He started his criminal career before puberty,convicted of stealing at the age of 11,he went to a boys’ home at Mittagong. He last saw the inside of a school classroom at 13 and at 14 was arrested for attempted break and enter and possession of housebreaking implements. He was further brutalised at a tough juvenile institution in Tamworth. At age 16,he was living with a prostitute and pimping for her.
His idea,which he shared with numerous other toughs he associated with through life,was that he could get by by simply taking what he wanted. But he was never cunning enough to avoid the law. By age 18 he had chalked up seven convictions. Smith was sentenced to four years’ jail for armed robbery. At 22,he participated in a vicious pack rape,for which he was convicted and sentenced to 12 years’ jail.

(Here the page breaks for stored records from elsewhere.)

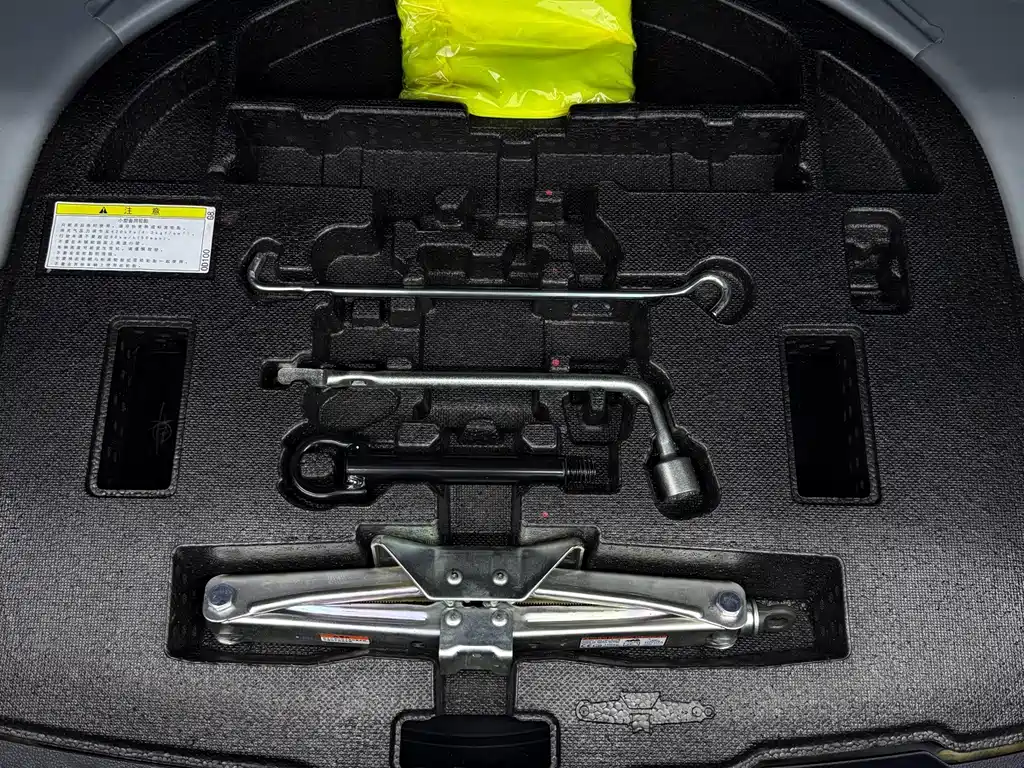 Toyota Levin 2023 — фото 18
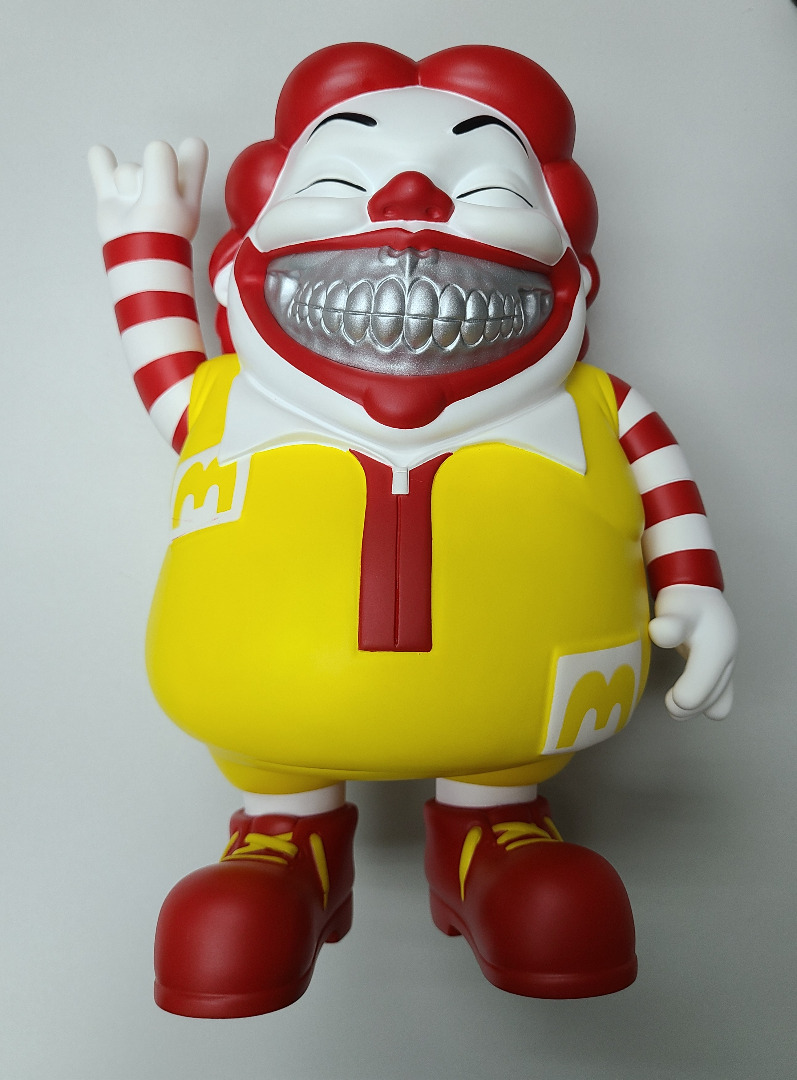 Ron English Grin 27 CM Plate Yellow main image 1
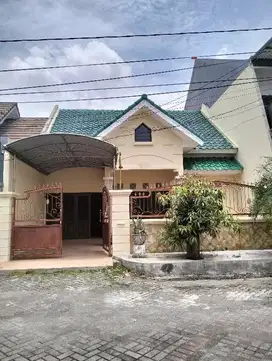 JUAL RUMAH PONDOK MUTIARA DI PUSAT KOTA SIDOARJO SELANGKAH KE EXIT TOL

Smith served seven years before being released in 1975. Arriving by train back in Sydney with £4 in his pocket,he faced a daunting challenge to reestablish himself. In his book,Neddy,written in conjunction with journalist Tom Noble,he said that in jail,“they[fellow inmates] were frightened of me. They looked up to me and even came to me for advice ... but in the big bad world of real people,I was just a nobody like everyone else.” But Smith was not one to accept such adversity.

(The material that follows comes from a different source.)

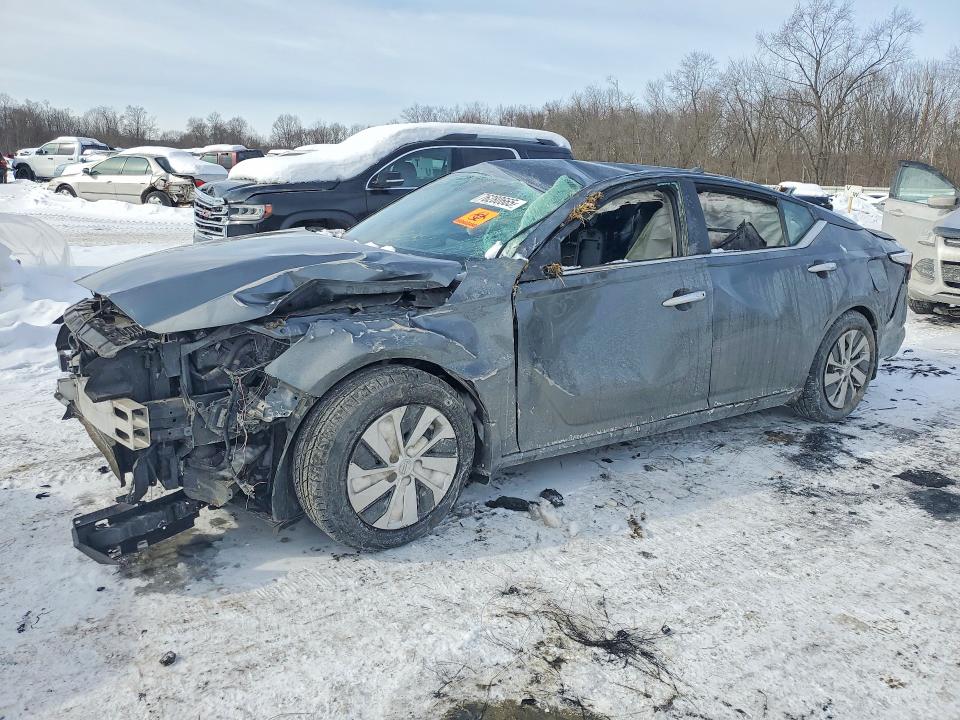 NISSAN ALTIMA 2020 with VIN 1N4BL4BV1LC175964 - Photo from auction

Among other things,he formed a relationship with 19-year-old Debra Bell,whom he was later to marry and who was to bear him two children. He also realised that at least some police were not the hard-faced upholders of the law,but could be compromising in their attitude,along with others such as law clerk Brian Alexander. The amenability of some police to bribery was so widespread that it soon became a case of buying oneself out of trouble.
When Smith or one of his mates was guilty of an offence,to Smith it became a “blue” which had to be fixed up. One of his more notorious associations was with the then Detective Sergeant Roger Rogerson. Smith would not have been nearly so successful had police – specifically detectives making up the ranks of the old Criminal Investigation Branch – been prepared to do their job. In fact,he said in his book:“Thank Christ for corruption! I couldn’t have survived without it,nor could the majority of crims who earned their living the hard way!”
Smith got round town with notorious toughs like Graham “Abo” Henry,Glen Flack and Warren Lanfranchi,the latter being the man he escorted to a meeting with Roger Rogerson. Lanfranchi ended up dead,at Rogerson’s hand,though a coroner’s jury was to say Rogerson shot him while attempting an arrest. There was much suspicion about the incident,not just of Rogerson but of other police involved.